• **Collected data**:
================

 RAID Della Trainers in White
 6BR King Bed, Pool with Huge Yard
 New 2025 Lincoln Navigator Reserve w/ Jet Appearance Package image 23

================

• **Instructions to follow**: Nothing in the material may be left out; write it all out verbatim.

• **Exercise output**:
 RAID Della Trainers in White
 6BR King Bed, Pool with Huge Yard
 New 2025 Lincoln Navigator Reserve w/ Jet Appearance Package image 23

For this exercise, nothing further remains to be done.